Three hundred thirteen patients aged 65 years or more with a traumatic cervical fracture who received spinal fusion surgery were enrolled. The patients were divided into a survival group and a mortality group, or a maintained walking capacity group and a deteriorated walking capacity group. We compared patients’ backgrounds, trauma, and surgical parameters between the two groups. To identify factors associated with mortality or a deteriorated walking capacity 1 year postoperatively, a multivariate logistic regression analysis was conducted.
One year postoperatively, the rate of mortality was 8%. A higher Charlson comorbidity index (CCI) score, a more severe the American Spinal Cord Injury Association impairment scale (AIS), and longer surgical time were identified as independent factors associated with an increase in 1-year mortality. The rate of deterioration in walking capacity between pre-trauma and 1 year postoperatively was 33%. A more severe AIS, lower albumin (Alb) and hemoglobin (Hb) values, and a larger number of fused segments were identified as independent factors associated with the increased risk of deteriorated walking capacity 1 year postoperatively.
The 1-year rate of mortality after spinal fusion surgery for cervical fracture in patients 65 years of age or older was 8%, and its associated factors were a higher CCI score, a more severe AIS, and a longer surgical time. The rate of deterioration in walking capacity was 33%, and its associated factors were a more severe AIS, lower Alb, lower Hb values, and a larger number of fused segments.

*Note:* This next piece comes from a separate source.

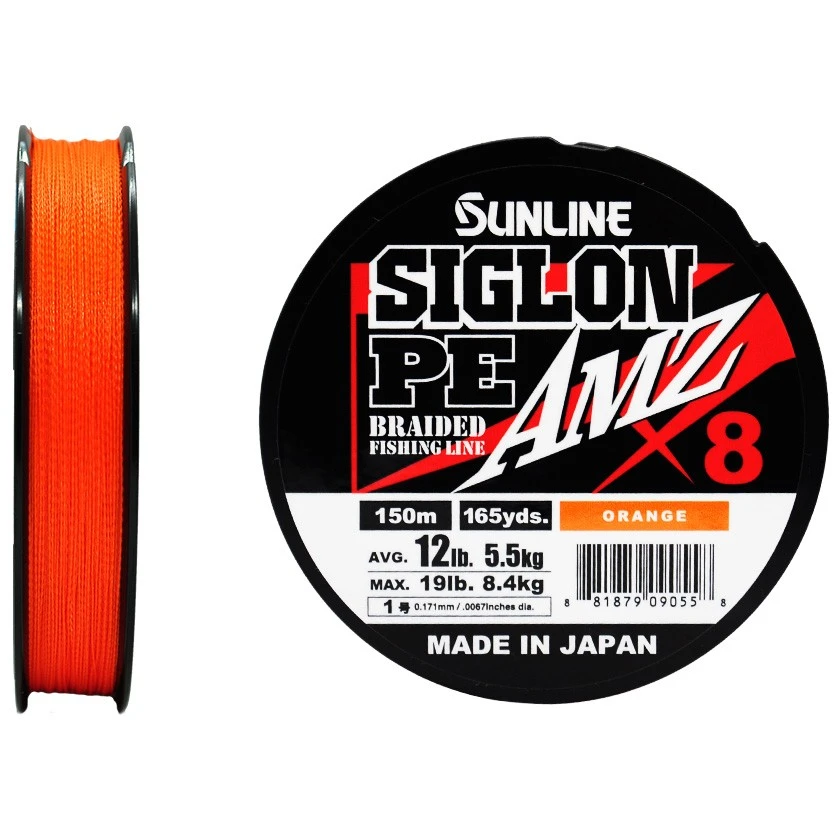 Плетеный шнур Sunline Siglon PE X8 AMZ 150 м  PE # 1 Orange 0,171 мм — характеристики,
	                                    особенности конструкции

In step with the overall aging of the population, the frequency of occurrence of cervical spinal fractures in the elderly has increased in recent years [1, 2]. Cervical spine fractures may occur in isolation or in conjunction with a spinal cord injury and are relatively common among older adults, whose susceptibility may increase with minor trauma. Cervical spine fractures represent an important cause of mortality among adults aged 65 years or older [1, 2]. The mortality associated with cervical spinal fractures in elderly patients exceeds that in younger patients . Compared with a hip fracture, a common type of fracture in the elderly, patients with cervical fractures had a greater mortality than those with hip fractures . Surgical treatment for cervical trauma is a more invasive option compared with conservative treatment. Therefore, it is important to understand mortality and functional outcomes after surgical treatment for cervical trauma.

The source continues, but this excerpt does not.